Twenty years after rocketing to stardom and shocking the world by abruptly disappearing into blue-collar anonymity, times are hard, money is gone, and Tuki Banjo’s rudderless life has collapsed into middle-aged, penny-pinching despair.
This is the story I felt compelled for my favorite character to tell: A quiet, lonely teenage girl with a miserable, impoverished upbringing suddenly had everything, didn’t like it, and walked away. Two decades later Tuki deals with different problems at a different stage of life. Faced with a desperate need to once again get off the mat, Tuki is a shell of what she was at twenty. At forty, the walls off life’s reality are closing in and her will to continue is diminished. She faces the life-defining choice so many do: surrender and die from the outside in or rekindle the determination to persevere.

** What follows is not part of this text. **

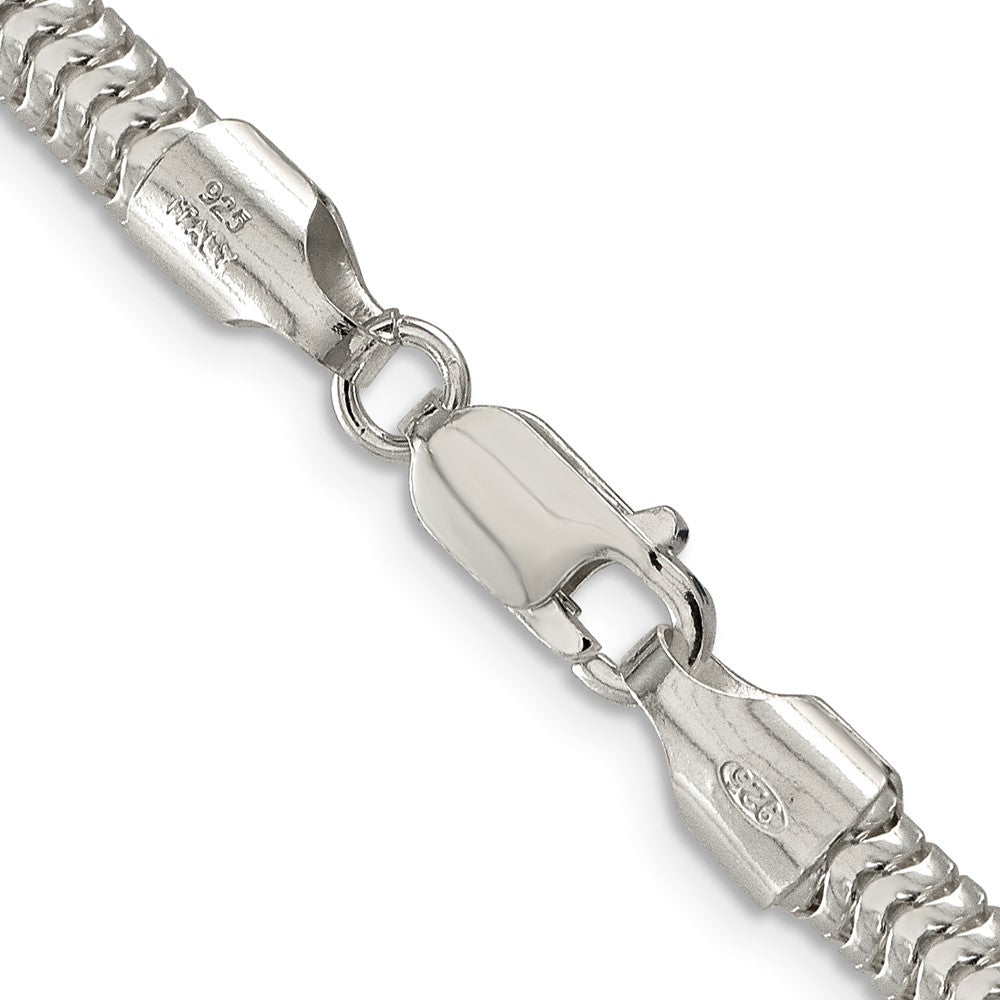 20 Inch Sterling Silver 5mm Round Snake Chain Necklace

As with most of my stories, this is a multicultural ensemble story with a positive, inspiring ending. The message woven throughout this story centers around the power of friends stubbornly insisting to help without being asked when sensing they are needed; and that a rich life is never measured by money but by heart, courage, and compassion.
The backdrop for Tuki (Back in the Game with Tweedle & Friends) is the beautiful tapestry of the Thoroughbred horse breeding industry. Tuki is safe here, happy here, and finds true north with newborn foals who love without judgment.
This story is the third in a continuum spanning three decades that started with the romantic comedy 12 Miles to Paradise, which was followed by Tuki Banjo, Superstar. Each is a standalone story with multicultural ensembles. I love this character so very much—all these years later she still inspires me—and trust you’ll feel the same.